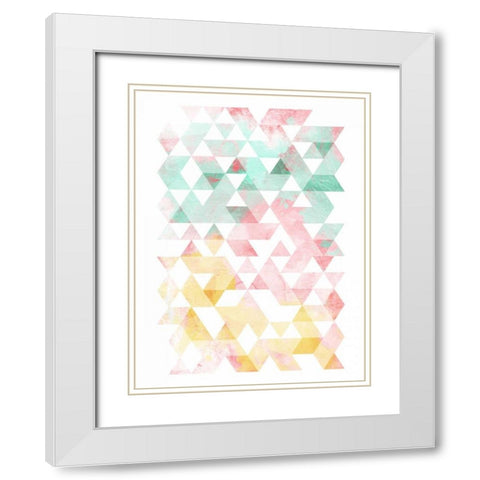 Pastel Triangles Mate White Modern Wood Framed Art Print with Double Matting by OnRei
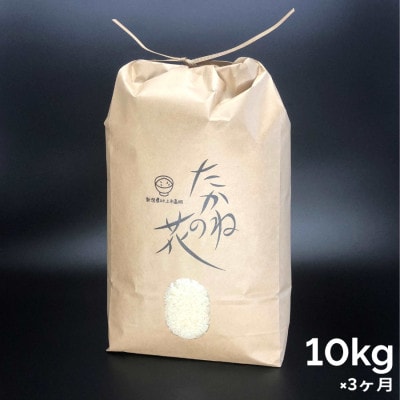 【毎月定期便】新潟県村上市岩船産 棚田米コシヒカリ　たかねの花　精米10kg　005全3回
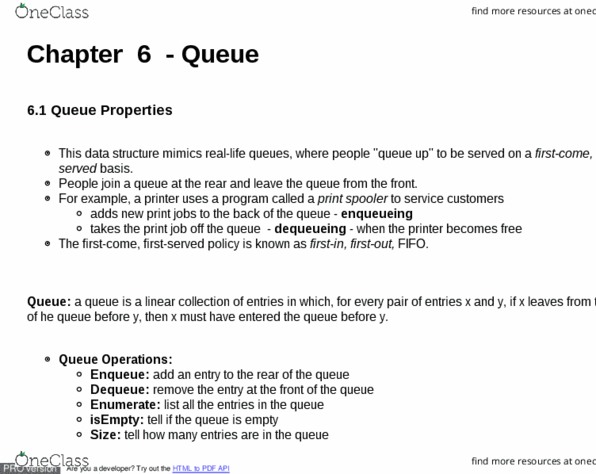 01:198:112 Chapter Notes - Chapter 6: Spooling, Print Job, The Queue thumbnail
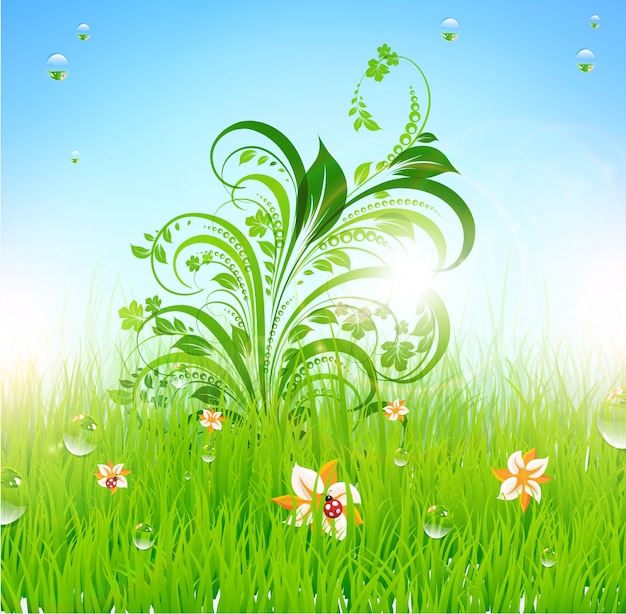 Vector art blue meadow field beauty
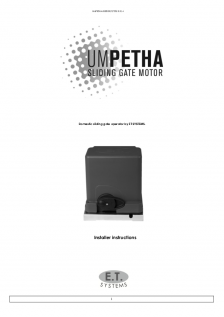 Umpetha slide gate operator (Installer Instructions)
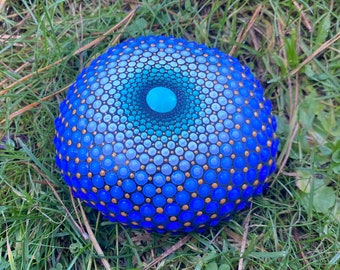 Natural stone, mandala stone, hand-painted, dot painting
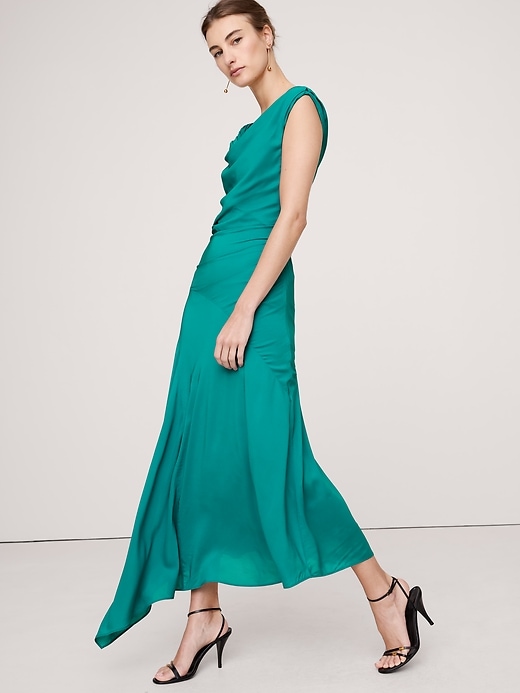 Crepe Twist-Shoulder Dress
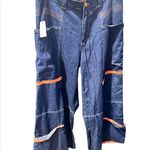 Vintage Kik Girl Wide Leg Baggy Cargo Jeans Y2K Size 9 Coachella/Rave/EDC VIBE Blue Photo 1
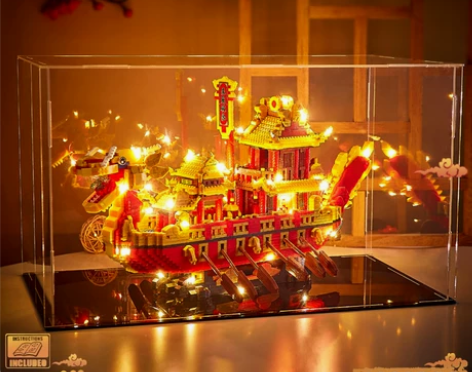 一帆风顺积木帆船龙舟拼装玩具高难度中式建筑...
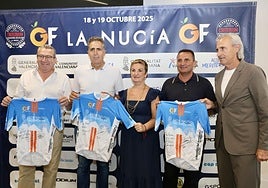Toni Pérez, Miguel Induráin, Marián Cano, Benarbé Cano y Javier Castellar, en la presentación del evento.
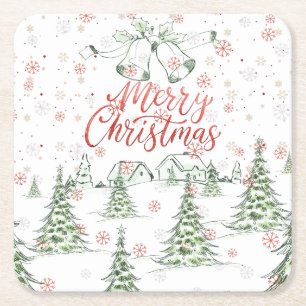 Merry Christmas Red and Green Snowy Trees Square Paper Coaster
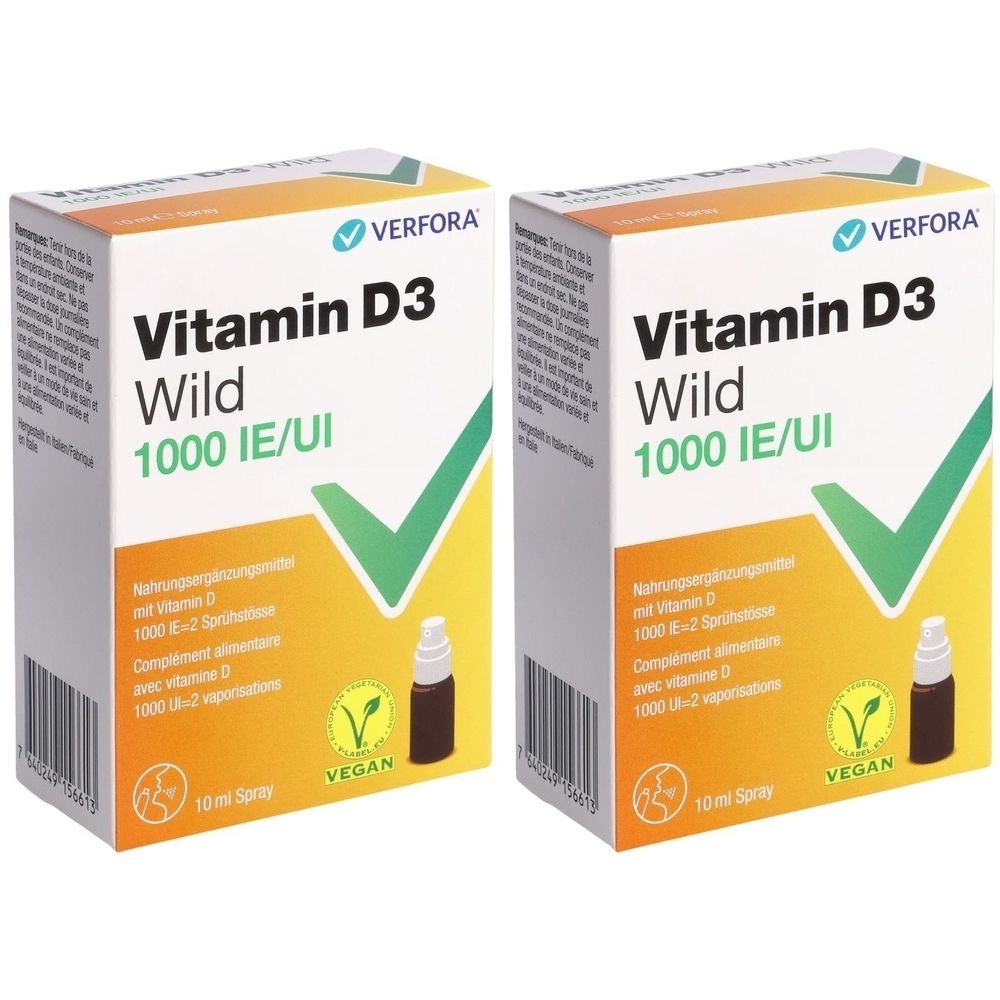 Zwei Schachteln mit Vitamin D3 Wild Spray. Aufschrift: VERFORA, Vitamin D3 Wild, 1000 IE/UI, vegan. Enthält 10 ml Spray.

++++++++++

Activity →
The copy you return must match the records above exactly, minus any images.

Finished task →
 Pastel Triangles Mate White Modern Wood Framed Art Print with Double Matting by OnRei
 【毎月定期便】新潟県村上市岩船産 棚田米コシヒカリ　たかねの花　精米10kg　005全3回
 01:198:112 Chapter Notes - Chapter 6: Spooling, Print Job, The Queue thumbnail
 Vector art blue meadow field beauty
 Umpetha slide gate operator (Installer Instructions)
 Natural stone, mandala stone, hand-painted, dot painting
 Crepe Twist-Shoulder Dress
 Vintage Kik Girl Wide Leg Baggy Cargo Jeans Y2K Size 9 Coachella/Rave/EDC VIBE Blue Photo 1
 一帆风顺积木帆船龙舟拼装玩具高难度中式建筑...
Toni Pérez, Miguel Induráin, Marián Cano, Benarbé Cano y Javier Castellar, en la presentación del evento.
 Merry Christmas Red and Green Snowy Trees Square Paper Coaster
 Zwei Schachteln mit Vitamin D3 Wild Spray. Aufschrift: VERFORA, Vitamin D3 Wild, 1000 IE/UI, vegan. Enthält 10 ml Spray.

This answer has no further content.